As we got closer to the date, we needed to make sure parents were invited and students were aware it was happening – we needed an audience!  That involved sending out invites, putting up posters around the school (that Mae designed) and arranging catering for refreshments.  I also was keen to make it an event that would benefit a charity, and I have done fundraising for Christopher’s Smile before and I’m passionate about continuing to do this, so I nominated them as the charity.

We were really on a roll now!  And every day I had new ideas for the fashion show, so it was an on-going creative project.

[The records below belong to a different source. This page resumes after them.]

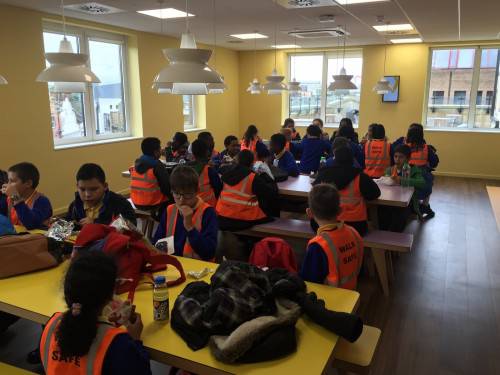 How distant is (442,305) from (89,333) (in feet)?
10.0

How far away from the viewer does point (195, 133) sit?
9125 mm

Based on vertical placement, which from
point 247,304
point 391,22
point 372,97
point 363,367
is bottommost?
point 363,367

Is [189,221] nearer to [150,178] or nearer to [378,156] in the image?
[150,178]

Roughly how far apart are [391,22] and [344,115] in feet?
12.6

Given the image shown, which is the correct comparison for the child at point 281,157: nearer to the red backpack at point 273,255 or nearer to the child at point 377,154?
the child at point 377,154

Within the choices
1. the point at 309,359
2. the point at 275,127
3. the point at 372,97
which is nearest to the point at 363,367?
the point at 309,359

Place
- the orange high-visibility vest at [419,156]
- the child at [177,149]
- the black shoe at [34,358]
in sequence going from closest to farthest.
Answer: the black shoe at [34,358]
the child at [177,149]
the orange high-visibility vest at [419,156]

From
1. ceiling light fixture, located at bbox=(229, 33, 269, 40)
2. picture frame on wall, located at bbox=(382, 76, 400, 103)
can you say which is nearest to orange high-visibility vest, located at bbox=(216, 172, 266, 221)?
ceiling light fixture, located at bbox=(229, 33, 269, 40)

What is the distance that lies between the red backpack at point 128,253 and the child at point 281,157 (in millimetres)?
3130

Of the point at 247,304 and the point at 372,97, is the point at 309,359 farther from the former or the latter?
the point at 372,97

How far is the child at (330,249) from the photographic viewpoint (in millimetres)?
2232

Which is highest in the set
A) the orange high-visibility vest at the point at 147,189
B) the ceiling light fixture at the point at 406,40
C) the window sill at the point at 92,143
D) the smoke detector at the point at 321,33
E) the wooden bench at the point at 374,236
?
the ceiling light fixture at the point at 406,40

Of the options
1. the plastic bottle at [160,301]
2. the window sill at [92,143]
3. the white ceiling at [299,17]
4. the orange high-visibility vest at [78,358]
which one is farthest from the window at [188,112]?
the orange high-visibility vest at [78,358]

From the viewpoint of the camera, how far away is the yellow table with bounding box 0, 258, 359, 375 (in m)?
1.51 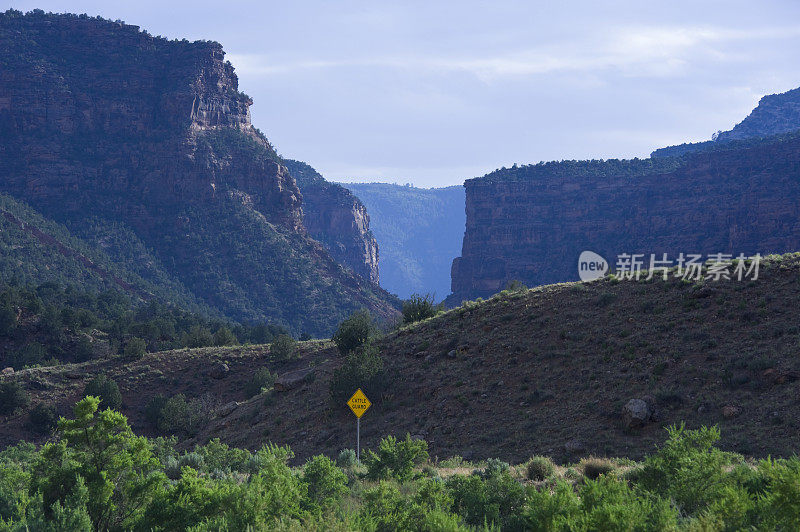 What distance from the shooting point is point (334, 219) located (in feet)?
570

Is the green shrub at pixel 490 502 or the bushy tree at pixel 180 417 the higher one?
the green shrub at pixel 490 502

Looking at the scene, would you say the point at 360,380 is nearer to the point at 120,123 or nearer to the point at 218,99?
the point at 120,123

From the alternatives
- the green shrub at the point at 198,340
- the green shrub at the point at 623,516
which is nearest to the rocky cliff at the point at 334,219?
the green shrub at the point at 198,340

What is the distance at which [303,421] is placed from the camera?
2752 cm

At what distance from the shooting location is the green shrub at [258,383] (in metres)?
36.5

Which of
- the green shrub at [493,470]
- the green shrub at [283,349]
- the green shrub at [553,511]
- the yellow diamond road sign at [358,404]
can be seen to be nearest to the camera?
the green shrub at [553,511]

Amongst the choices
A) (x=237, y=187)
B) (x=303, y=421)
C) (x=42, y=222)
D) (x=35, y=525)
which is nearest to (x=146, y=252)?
(x=42, y=222)

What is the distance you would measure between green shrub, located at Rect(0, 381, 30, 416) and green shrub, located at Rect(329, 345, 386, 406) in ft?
67.8

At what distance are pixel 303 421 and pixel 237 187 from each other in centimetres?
9227

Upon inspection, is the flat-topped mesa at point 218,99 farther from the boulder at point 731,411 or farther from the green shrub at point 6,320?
the boulder at point 731,411

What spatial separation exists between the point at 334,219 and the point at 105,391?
13768 centimetres

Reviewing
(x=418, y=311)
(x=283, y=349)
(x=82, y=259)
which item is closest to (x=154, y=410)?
(x=283, y=349)

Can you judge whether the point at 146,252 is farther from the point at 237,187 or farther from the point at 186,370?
the point at 186,370

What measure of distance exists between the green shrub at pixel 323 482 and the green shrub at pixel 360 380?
45.2 feet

In order to have as many garments as possible, the textiles club upcylcled men’s shirts by stencilling and embroidering on them, and generally adapting them.  Every Wednesday afternoon the upcyclers would meet in the textiles department to work on their creations from wardrobe – even the English teacher and art technician made garments! The other set of clothes we had were dresses that I had designed and made, and dresses that a year 7 student had designed and made – we have both been passionate about fashion for years and love to design and make clothes.  He and I have frequently met to discuss fashion, and he was very involved in the show, upcylcing from wardrobe and modelling too.  I hope that I’ve started a tradition in my final year of putting on a fashion show, and that he will carry it on.

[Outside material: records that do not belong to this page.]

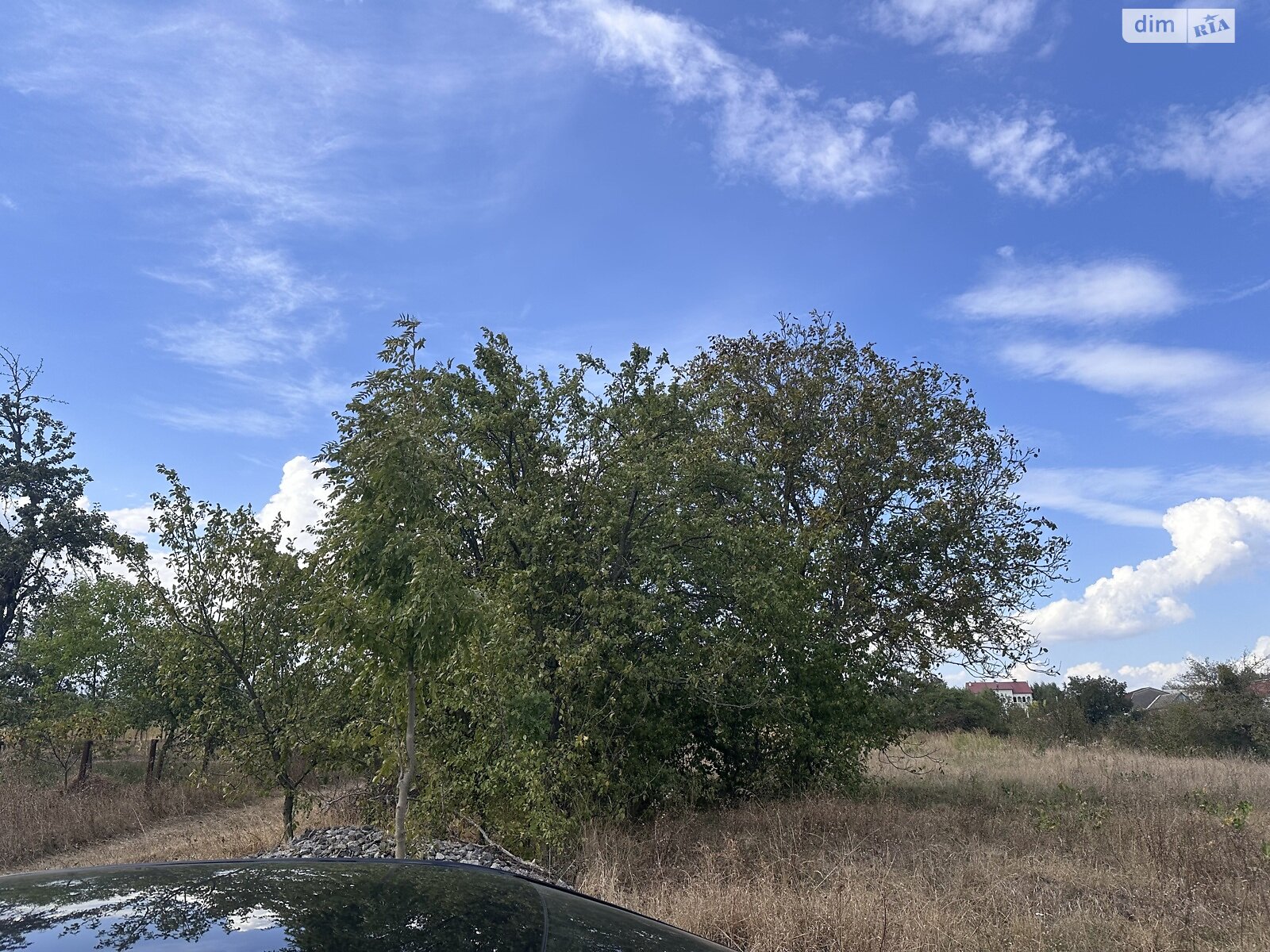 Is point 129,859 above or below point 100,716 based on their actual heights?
below

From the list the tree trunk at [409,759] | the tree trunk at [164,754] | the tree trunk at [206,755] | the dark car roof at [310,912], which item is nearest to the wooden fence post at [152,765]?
the tree trunk at [164,754]

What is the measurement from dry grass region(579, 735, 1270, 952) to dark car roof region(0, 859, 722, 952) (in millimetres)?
4229

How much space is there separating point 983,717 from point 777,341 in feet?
68.0

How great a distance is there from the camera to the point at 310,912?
192 cm

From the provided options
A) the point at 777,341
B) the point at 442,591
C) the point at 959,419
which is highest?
the point at 777,341

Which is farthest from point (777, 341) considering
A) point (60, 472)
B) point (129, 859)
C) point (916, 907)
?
point (60, 472)

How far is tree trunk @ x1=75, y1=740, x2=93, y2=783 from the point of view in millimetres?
19469

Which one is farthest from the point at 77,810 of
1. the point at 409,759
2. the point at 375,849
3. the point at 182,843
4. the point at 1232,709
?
the point at 1232,709

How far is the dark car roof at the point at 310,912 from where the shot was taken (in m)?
1.74

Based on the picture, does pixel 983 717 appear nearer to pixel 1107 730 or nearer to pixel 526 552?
pixel 1107 730

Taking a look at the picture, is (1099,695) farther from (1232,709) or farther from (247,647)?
(247,647)

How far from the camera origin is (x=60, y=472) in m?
30.6

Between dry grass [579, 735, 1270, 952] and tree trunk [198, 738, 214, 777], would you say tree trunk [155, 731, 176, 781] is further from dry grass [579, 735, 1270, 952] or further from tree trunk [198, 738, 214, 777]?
dry grass [579, 735, 1270, 952]

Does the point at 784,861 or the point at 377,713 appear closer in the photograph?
the point at 784,861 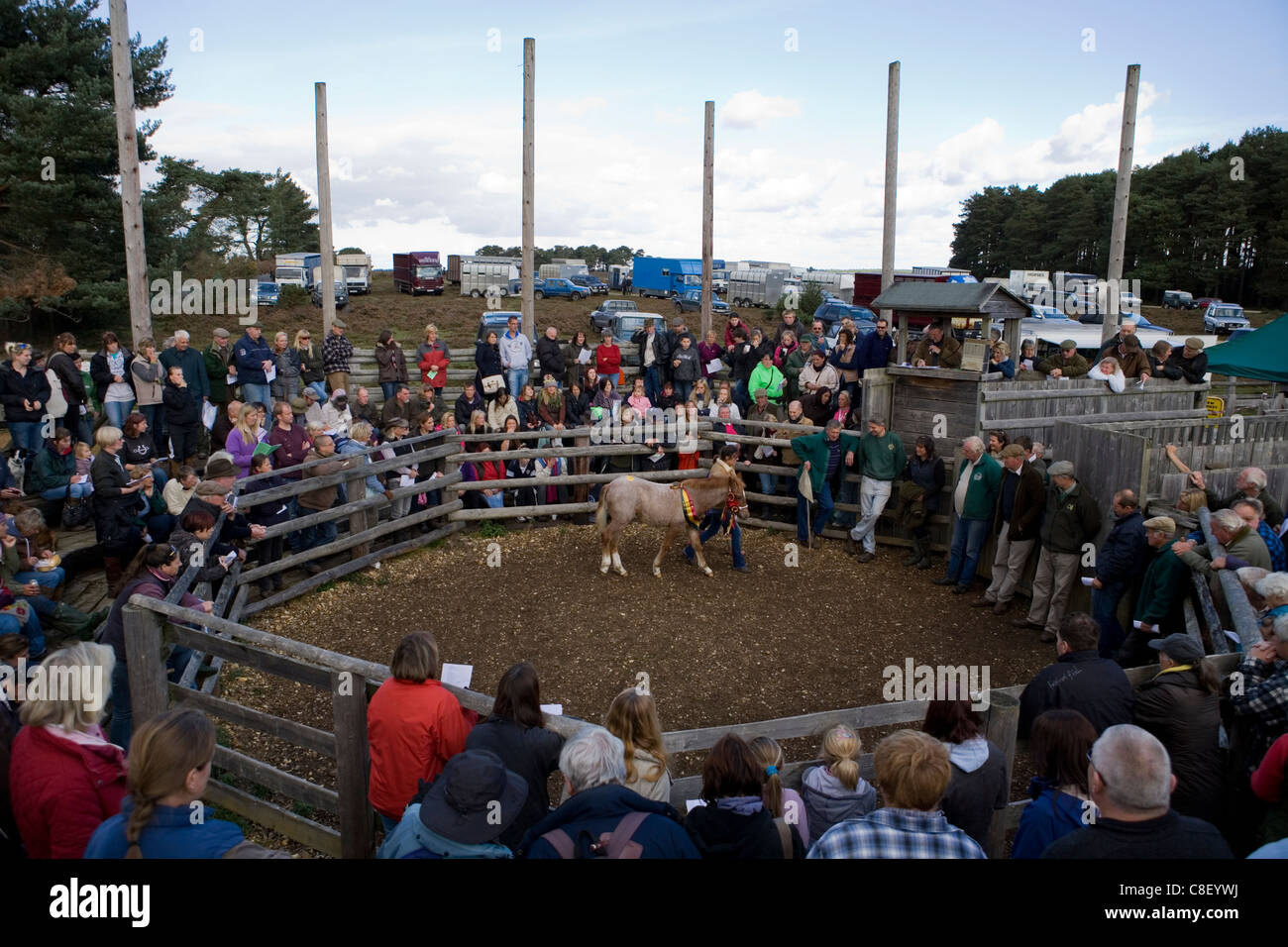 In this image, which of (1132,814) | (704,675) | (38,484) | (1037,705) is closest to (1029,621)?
(704,675)

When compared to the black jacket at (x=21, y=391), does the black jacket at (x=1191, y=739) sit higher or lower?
lower

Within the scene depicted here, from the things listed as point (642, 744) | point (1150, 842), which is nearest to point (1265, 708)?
point (1150, 842)

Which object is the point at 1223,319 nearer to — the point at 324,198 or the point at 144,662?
the point at 324,198

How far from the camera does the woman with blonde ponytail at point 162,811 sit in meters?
3.17

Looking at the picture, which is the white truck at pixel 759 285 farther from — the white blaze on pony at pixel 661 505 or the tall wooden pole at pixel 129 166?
the white blaze on pony at pixel 661 505

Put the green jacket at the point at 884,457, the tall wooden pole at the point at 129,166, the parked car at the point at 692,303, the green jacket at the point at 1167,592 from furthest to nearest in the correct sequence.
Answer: the parked car at the point at 692,303, the tall wooden pole at the point at 129,166, the green jacket at the point at 884,457, the green jacket at the point at 1167,592

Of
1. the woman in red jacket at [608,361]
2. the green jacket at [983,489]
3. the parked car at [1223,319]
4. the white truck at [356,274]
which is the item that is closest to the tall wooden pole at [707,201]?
the woman in red jacket at [608,361]

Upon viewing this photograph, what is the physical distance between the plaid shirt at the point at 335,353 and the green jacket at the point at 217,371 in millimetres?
1592

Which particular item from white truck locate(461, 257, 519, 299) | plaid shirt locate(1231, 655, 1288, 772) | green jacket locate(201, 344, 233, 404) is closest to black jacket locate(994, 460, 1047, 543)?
plaid shirt locate(1231, 655, 1288, 772)

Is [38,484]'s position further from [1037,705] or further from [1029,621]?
[1029,621]

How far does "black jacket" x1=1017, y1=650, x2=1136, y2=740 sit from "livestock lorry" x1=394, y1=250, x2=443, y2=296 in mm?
40048

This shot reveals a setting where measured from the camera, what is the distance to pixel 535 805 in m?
4.47

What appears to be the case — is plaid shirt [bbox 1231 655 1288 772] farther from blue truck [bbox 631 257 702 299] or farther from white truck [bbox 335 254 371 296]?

What makes a fashion show successful?  Not only the clothes…music, lighting, models and the catwalk.

img_4924-cropIn my spare time, I would search music and listen to different genres to see what might go well with the Jungle theme.  I considered traditional club music that would normally go with a fashion show, I thought about rock (which I love), but in the end I decided to introduce African Drums (the jungle theme!) in between some modern club tracks.

You also need to have intro music whilst people are taking their seats.  Recently I’ve been listening to a lot of jazz and thought this would be welcoming without being overwhelming.

Once we had the foundations of the show in place, I had to think about the detail.  The first thing I had to do was assign garments to models and check they fitted.  Mae helped with this.  We had all the finished garments on a rack and we labelled up the hangers with the model’s name.  Each model had two or three outfits.

I then thought about how to present the clothes during the show, and worked out that having ‘collections’ would work the best.  So I grouped together the shirts from textiles club, the homemade garments, the dresses by me and the year 7 fashion designer, and finally the upcycled wardrobe garments.  I thought that during the show, between these sections, I would introduce the next lot of clothes to give context to the show and time for the models to get changed. One thing we had to keep in mind was that we had to order these so that it flowed nicely and the models had enough time to get changed backstage. Mae did this.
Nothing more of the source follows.